**YOUR INSTRUCTIONS**
Only one stretch of lines is wanted: the line with "Shiny Prom Dress" through the final line of the material. Restate it word for word, minus pictures.

**SOURCE MATERIAL**
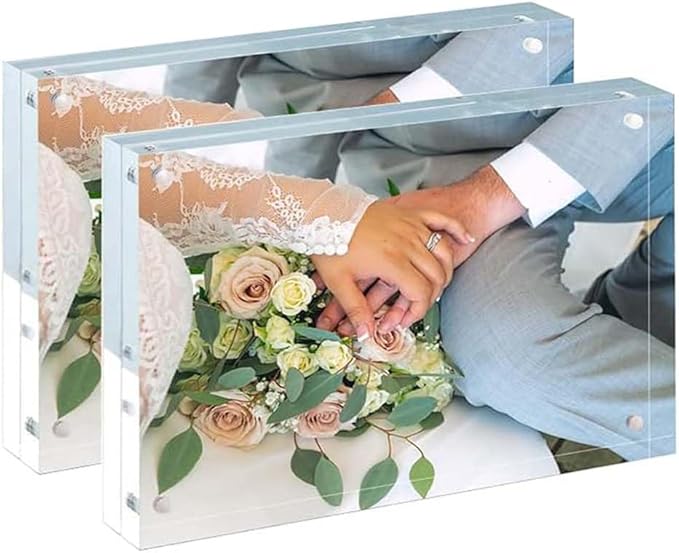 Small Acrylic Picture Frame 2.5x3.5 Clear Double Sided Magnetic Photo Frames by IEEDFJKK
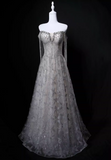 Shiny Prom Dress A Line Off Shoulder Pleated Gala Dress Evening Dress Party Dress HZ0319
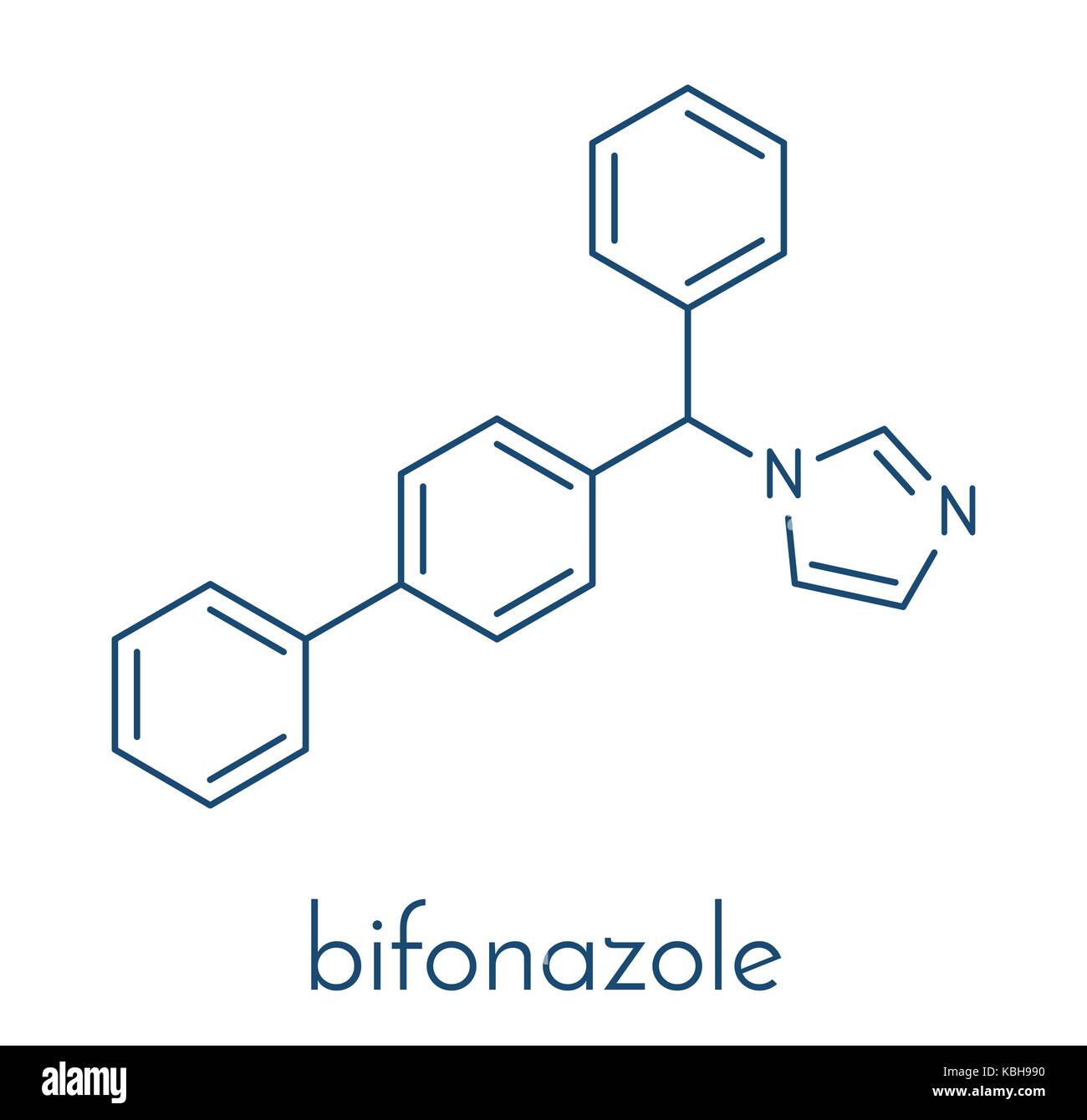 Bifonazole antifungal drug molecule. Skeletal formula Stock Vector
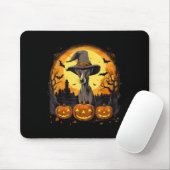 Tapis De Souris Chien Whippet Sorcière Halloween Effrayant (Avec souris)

**OUTPUT FOR THIS TASK**
 Shiny Prom Dress A Line Off Shoulder Pleated Gala Dress Evening Dress Party Dress HZ0319
 Bifonazole antifungal drug molecule. Skeletal formula Stock Vector
 Tapis De Souris Chien Whippet Sorcière Halloween Effrayant (Avec souris)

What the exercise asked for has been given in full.